3) Do you feel good about putting your work out in the public eye, and to hell with what they think about it?

If the answers to all of these questions are “Yes,” then you’re not an aspiring anything. You’re doing it. Whether you’re doing it for money is almost beside the point. You put in the work, you get the results, you can legitimately claim to be a ___________.

And yet here I was, holding myself to that same standard. “I’m not a poet because I haven’t published a book of poetry.” “I’m not an artist because I’ve never had a gallery showing.” “I’m not a lyricist because no one’s cut my songs yet.” All of these, by the way, are very much in play for me. I do all of them. When I do them, I put in the time and the work to get them right, to my own satisfaction. Once they’re done, whether anyone else likes them or not, I have no qualms about putting them out there for all to see.

The interesting part is, I could do the exact same thing in reverse with my writing: “Oh, well, I haven’t hit the New York Times Bestseller List yet, so I’m not a REAL writer.” If I heard another writer popping off with that, I’d probably give them a verbal ear-boxing. But here I was doing it to myself. Can we say “hypocrisy,” class?

Or maybe it wasn’t really hypocrisy so much as it was an inability to notice something so in-your-face and clear that it eluded me. It seems like everything really, really important is like that: If an angelic chorus doesn’t appear and start singing/screaming at you that you’re missing something really, really basic, you have to wait for it to club you upside the head before you finally sit up and take notice.

Have you ever had anything like that happen to you? If so, what did you do with it?

Can’t wait to hear your responses!

Ciao for now…I’m off to be a poet for the night! :D

Until next time,

Best,

J.S. Wayne

7 thoughts on “A Question of Judgment”

  1. Hi, guy: and I agree, I’d denied calling myself “author” or “writer” even when unpublished. After I’d sold a few stories, I became more comfortable with the terms. “Author” still sounds too formal for little ol’ me. I’ll just say sassy writer.

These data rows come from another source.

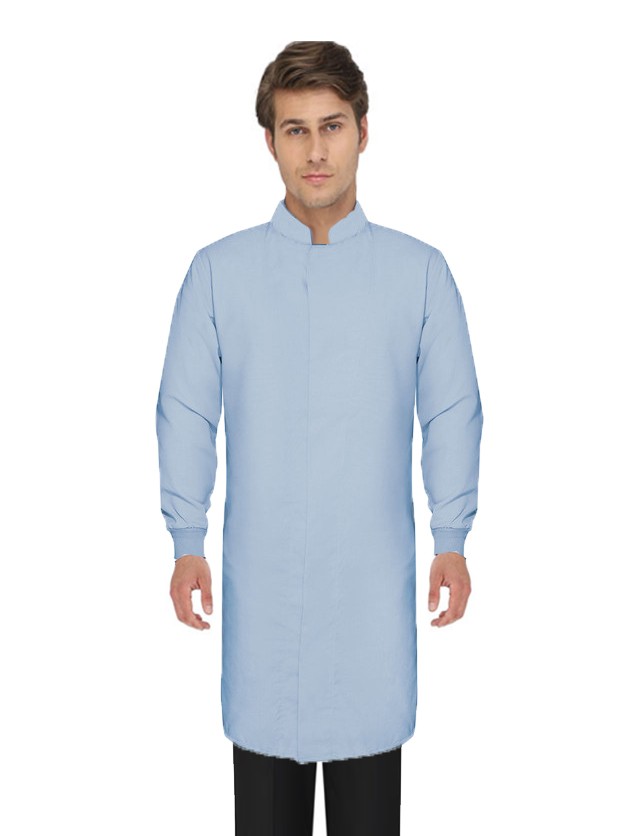 Microfiber Stretch Unisex Full Sleeve Lab Coat, no pocket, stand up collar with covered snap button and Knit Cuff (97% polyester,3% Spandex) for Food Processing Industry 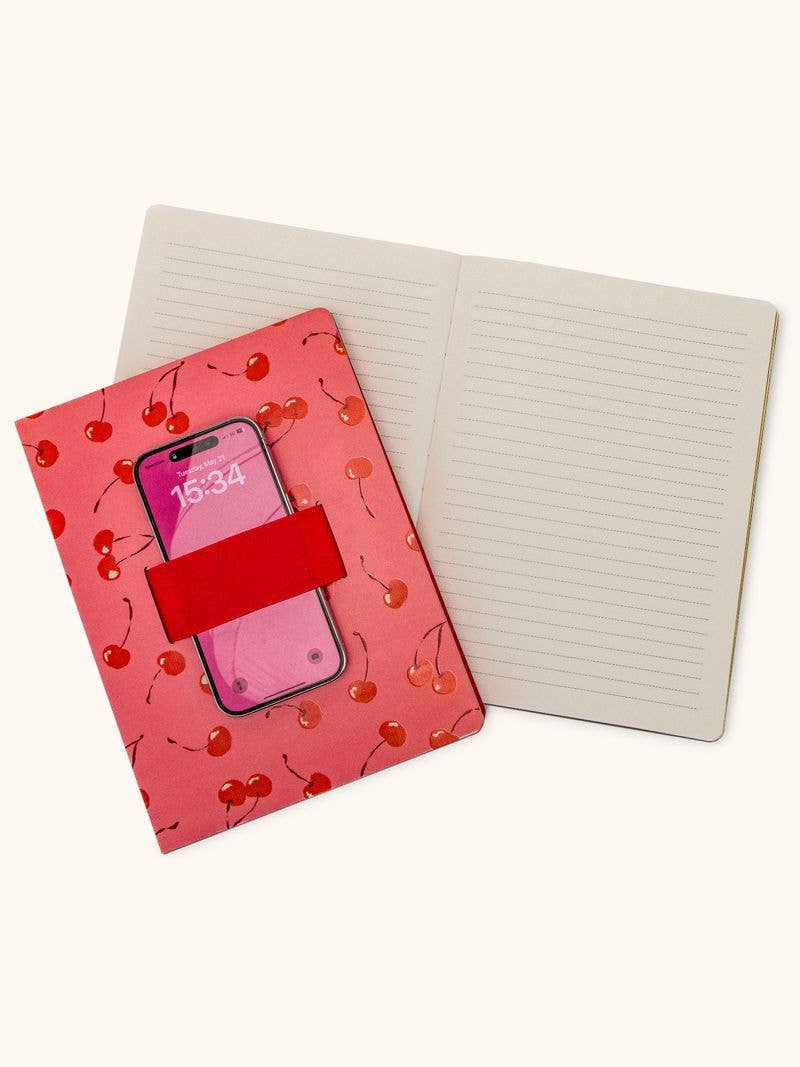 On-the-Go Notebook – Fresh-Picked Cherries Casey Notebook with Phone Loop by Studio Oh!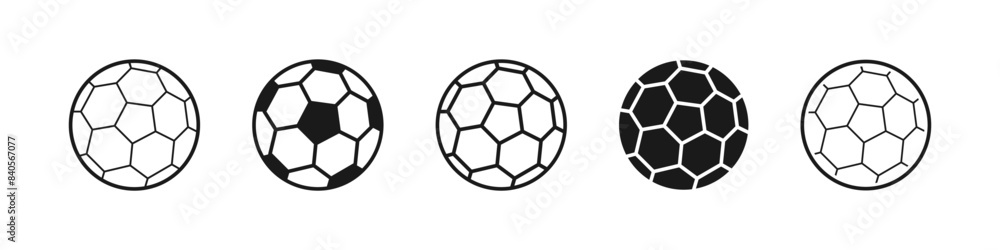 Ball of football icon set. Soccer ball symbol. Vector illustration Ball of football icon set. Soccer ball symbol. Vector illustration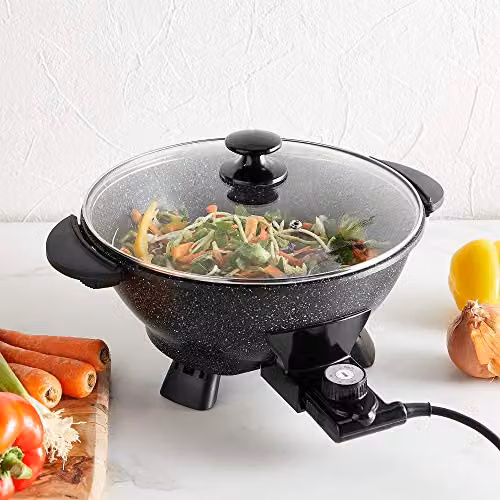 VonShef 1400W Electric Non-Stick Wok with Tempered Glass Lid, 5L Multicooker Skillet in Black – 3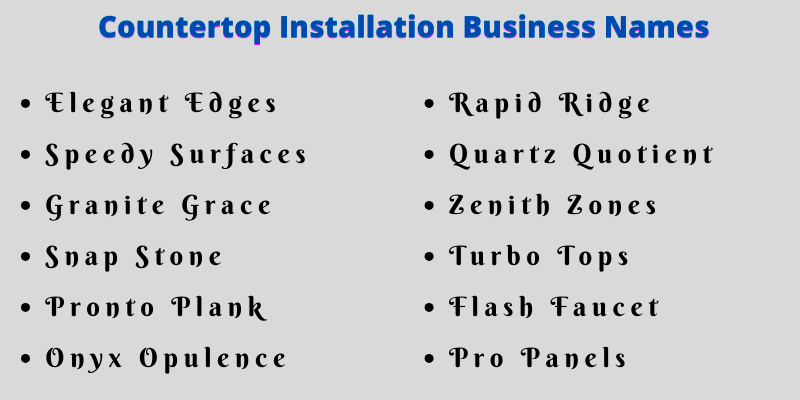 Countertop Installation Business Names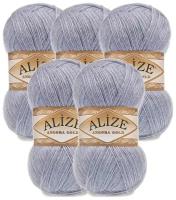 Пряжа Alize Angora Gold, 20 % шерсть, 80 % акрил, 500 г, 550 м, 5 шт., 221 светлый джинс 550 м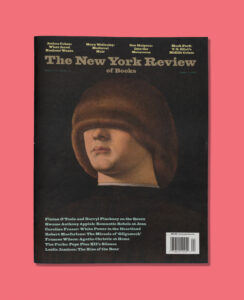 Cover of The New York Review of Books magazine featuring a painting of a person's head in the traditional renaissance style with their hair covering their eyes like a helmet.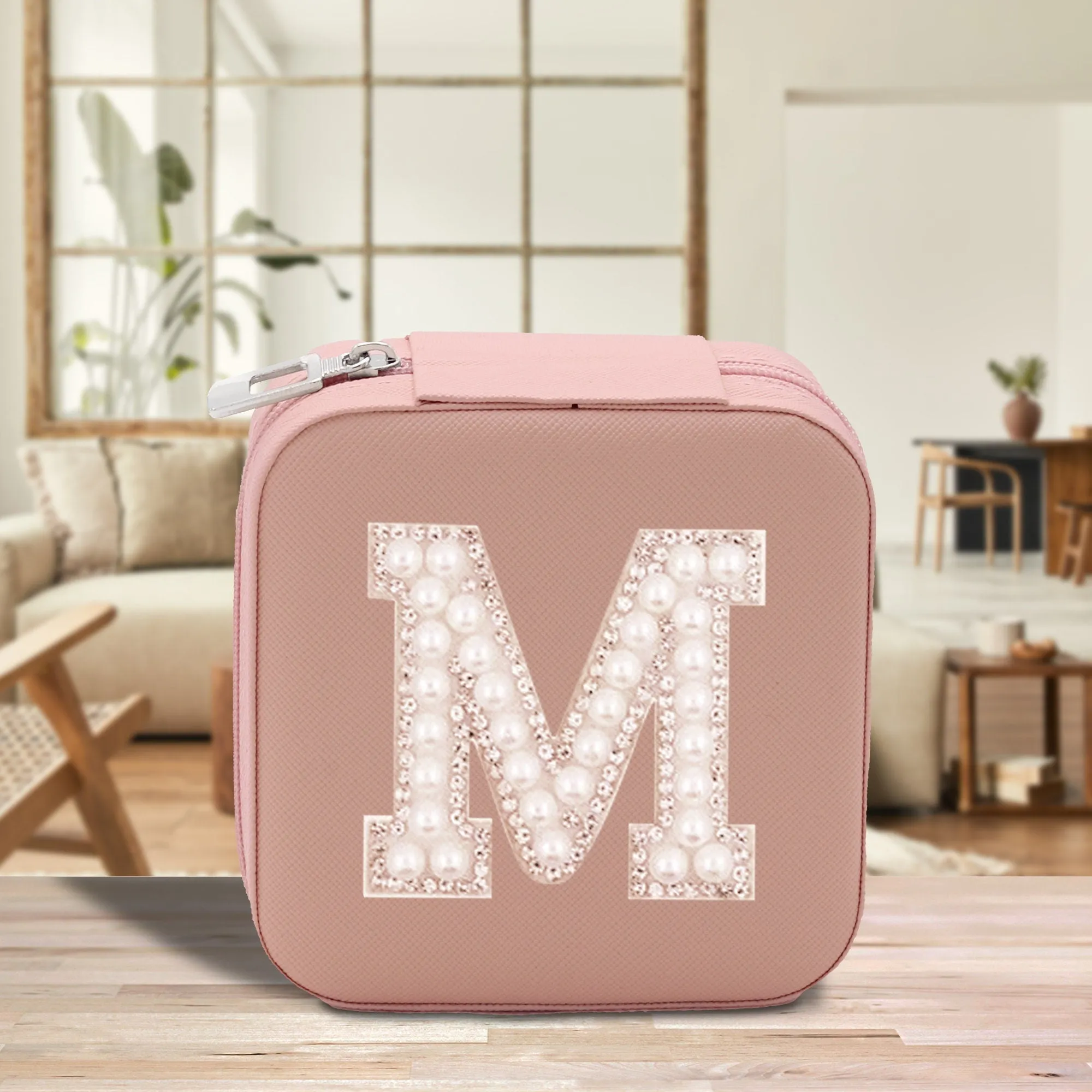 Pearl Initial Monogram Jewelry Box Bridesmaid Jewelry Box Custom Bridal Shower Gift Monogrammed Rhinestone Jewelry Box A-Z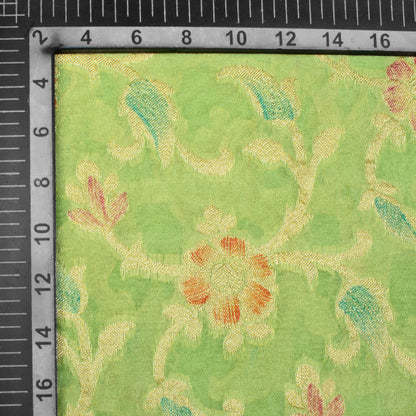Pistachio Green And Red Floral Pattern Zari Jacquard Banarasi Chiffon Satin Fabric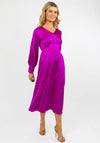 Kate & Pippa Birkin Satin Feel Print Midi Dress, Purple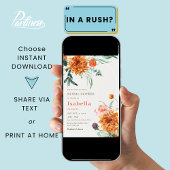 Invitation Élégante Fête des mariées florale de chute d'orang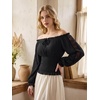image:imageScarlet Darkness Womens Renaissance Peasant Blouse Lace Off Shoulder TopsBlack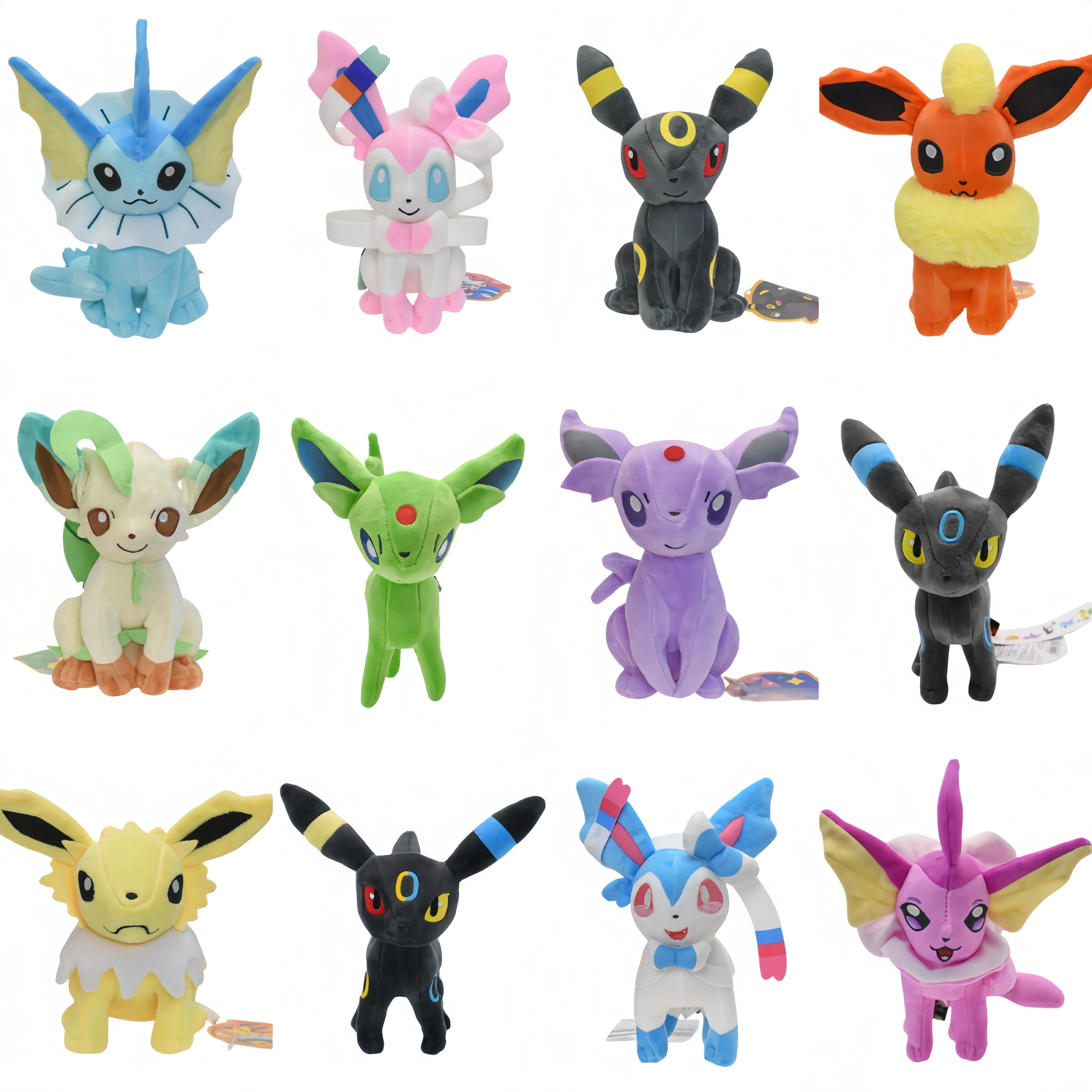 Combination Set Pokemon Eevee Family Plush Umbreon Shine Sylveon Espeon Stuffed Plush Toy Anime Mimikyu Stuffed Doll Xmas Gift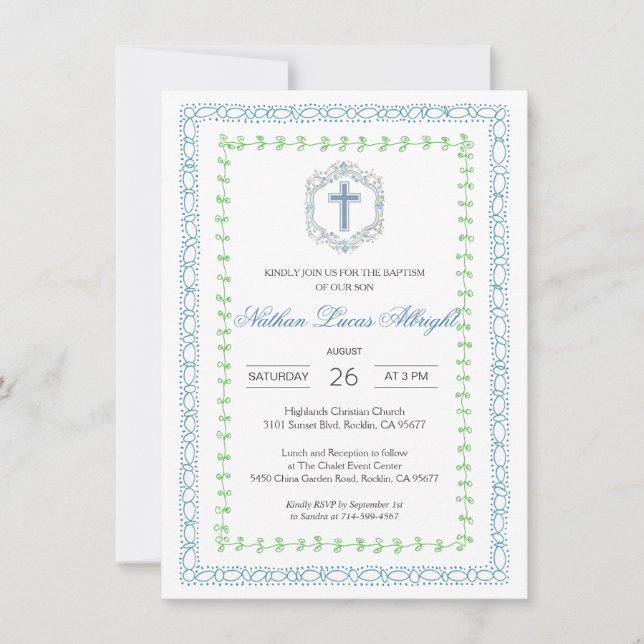 Botanical Crest Blue Cross Baptism Invitation (Front)
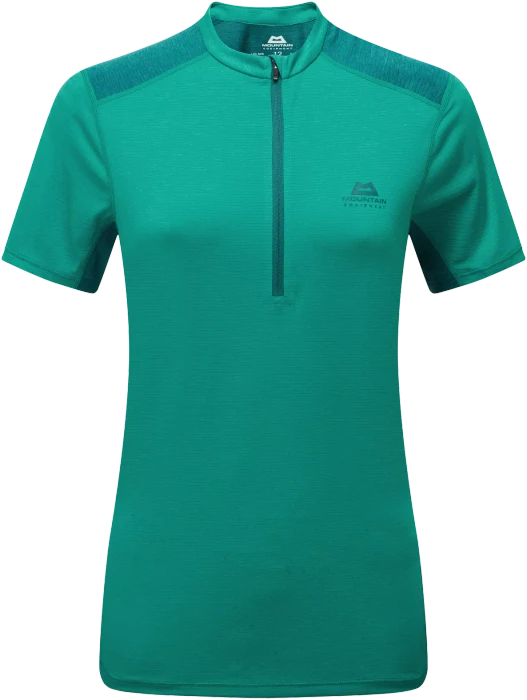 Mountain Equipment Nava Zip Funktionsshirt kurzarm jade/spruce (Damen)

    1. LOL I like the word “author” when referring to my romance work and “writer” when I’m talking about my freelance blogging. Same idea, slightly different outcome. :D But hey, from what I know about you, “sassy writer” pretty well sums it up!
      Thanks so much for stopping by, Vicki!

  2. I think everyone does this at one time or another. Even when you’re published you think, ‘I’m just a hack, and it won’t happen again.’ lol I have to remind myself all the time I’m an author.

    1. *nods* Been there, done that, gave back the T-shirt! :D
      I think as long as we remember what we’re really bringing to the game, we can make anything we want to happen. :)
      Thanks so much for stopping by, Sandy!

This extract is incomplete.